11 Games that will engage and challenge your preschoolers
1) Stack Up
Goal of the game: Work with another player to balance 12 blocks before the “Stack Smasher” walks across the game board.
What you should know: Stack up is a cooperative game, which means players work together not against each other to win. It also has 3 game variations that increase in difficulty.
Skills it works on: Teamwork, eye-hand coordination, grading pressure, problem-solving, following directions, and perseverance.
Goal of the game: Collect 6 penguins by matching the colors on the dice to the eggs hiding under the penguins.
What you should know: Pengoloo will challenge visual and working memory.
Skills it works on: Counting, color recognition, matching, following directions, turn-taking, and memory.
3) Alphabet Island
Goal of the game: Race to collect the most matches by matching letters or sounds (depending on your game of choice).
What you should know: Alphabet Island is a simple board game that focuses on matching letters and sounds. It’s a lot of fun for everyone, and is especially beneficial for kid’s who need additional help learning letters.
Skills it works on: Vocabulary, letter recognition, letter sounds, matching, reaction time, following directions, and attention.
4) Zingo 1-2-3
Goal of the game: Be the first player to cover the entire game card by matching all the numbers picked to the numbers on your card.
What you should know: Number Bingo is one variation of the favorite Zingo games. Each game focuses on a different skill (sight words, three letter words, etc.). This number game comes with double-sided cards with 1:1 correspondence on one side and basic addition on the other.
Skills it works on: Number recognition, counting, reaction time, addition, fine motor skills.
5) Silly Street
Goal of the game: Complete different challenges to earn points and reach the end of Silly Street.
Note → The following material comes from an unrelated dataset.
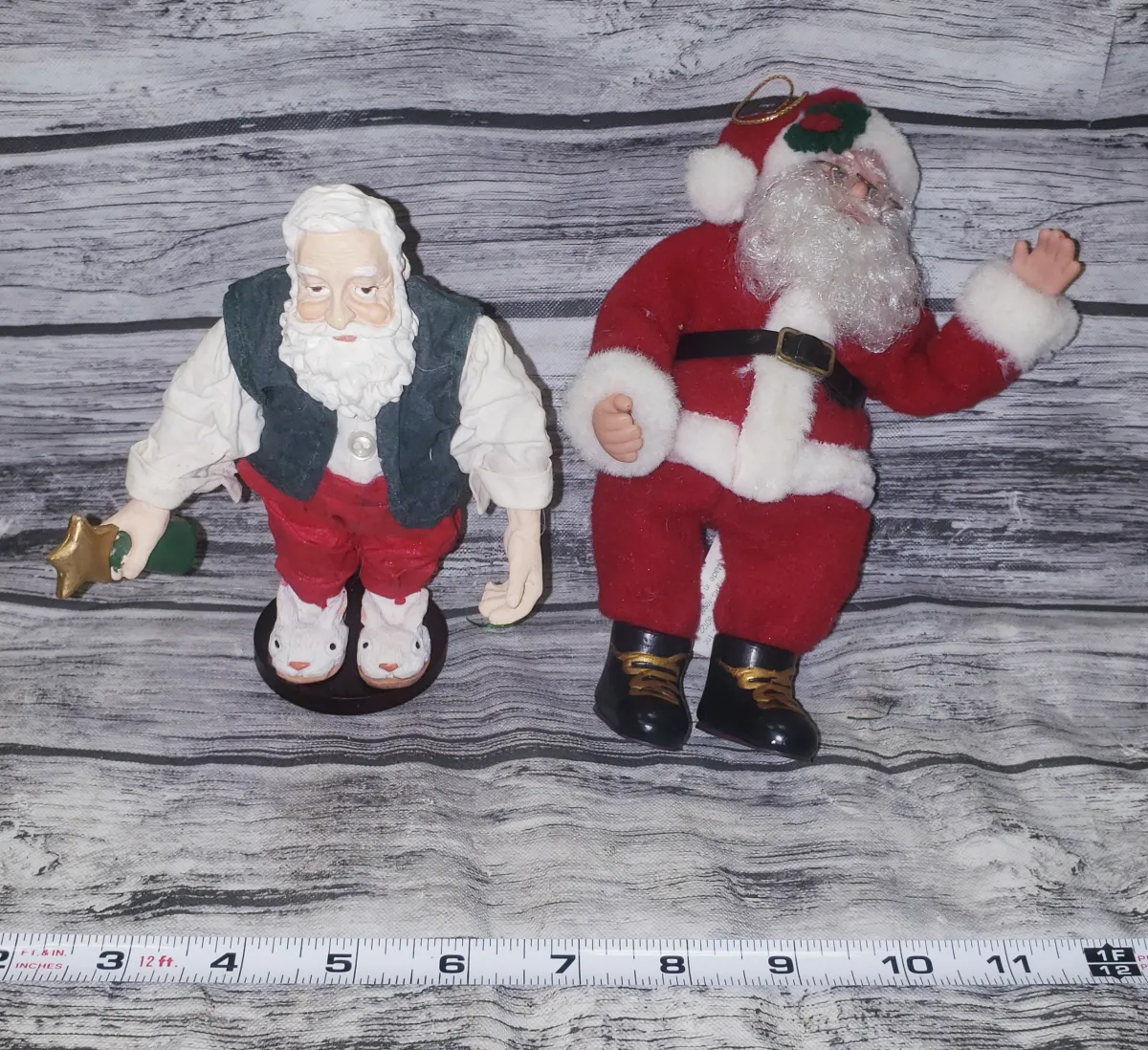 2 Santa Figures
Some challenges are silly, some are tricky, and all address different aspects of development.
You should know: The Silly Street board game is a large 8 piece interlocking puzzle that kids first have to put together to set up the game.
Skills it works on: Creativity, turn-taking, problem-solving, communication, dramatic play, and self-confidence.
6) Pancake Pile-Up!
Goal of the game: Complete a pancake order by by sequencing and stacking the pancakes as the order shows.
What you should know: Pancake Pile-Up! is a relay race game that gets kids up and moving.
Skills it works on: Balance, coordination, visual perception, sequencing, following directions, teamwork, and concentration.
7) Shelby’s Snack Shack Game
Goal of the game: Spin the spinner and collect the most doggie bones to add to your doggie bowl.
You should know: Shelby’s Snack Shack is my favorite game from the Educational Insight’s fantastic line of squeezer games. This one is focuses on early math skills. It is recommended for ages 4 and up.
Skills it works on: Number recognition, counting, turn-taking, following directions, and fine motor skills.
8) Jumping Jack
Goal of the game: Collect more carrots than your opponent or catch Jack when he jumps up to win the game.
What you should know: Jumping Jack is probably my favorite preschool game of all time (the kids seem to enjoy it as well;). The anticipation of waiting for Jack to jump keeps kids super engaged, alert, and focused, and the rules are easy to learn.
Skills it works on: Turn-taking, following directions, counting, reaction time, fine motor, and patience.
9) Feed Fuzzy
Goal of the game: Feed all the acorns to Fuzzy before your opponent.
What you should know: Feed Fuzzy is a super cute game with easy to learn rules that will keep your child engaged and learning.
Skills it works on: Color and number recognition, counting, following directions, turn-taking, fine motor skills, bilateral coordination.
10) Eye-Spy Eagle Eye
Goal of the game: Find a picture on your game board that matches a picture on card drawn, and ring the bell before your opponent.
What you should know: I Spy Eagle Eye is fun for kids of all ages and even adults. It comes with 4 double sided board games and 30 double-sided cards.
Skills it works on: Visual discrimination, attention, perception, reaction time, following directions, and perseverance.
11) Charades for Kids
Goal of the game: Act out the words on the cards that you draw. The player who guesses correctly 3 times (only 1 guess allowed per turn) wins the game.
What you should know: Charades for Kids is designed for 3 or more players (but you can modify). No reading is required for one variation of the game.
Skills it works on: Vocabulary, imagination, creativity, problem-solving, planning, self-confidence.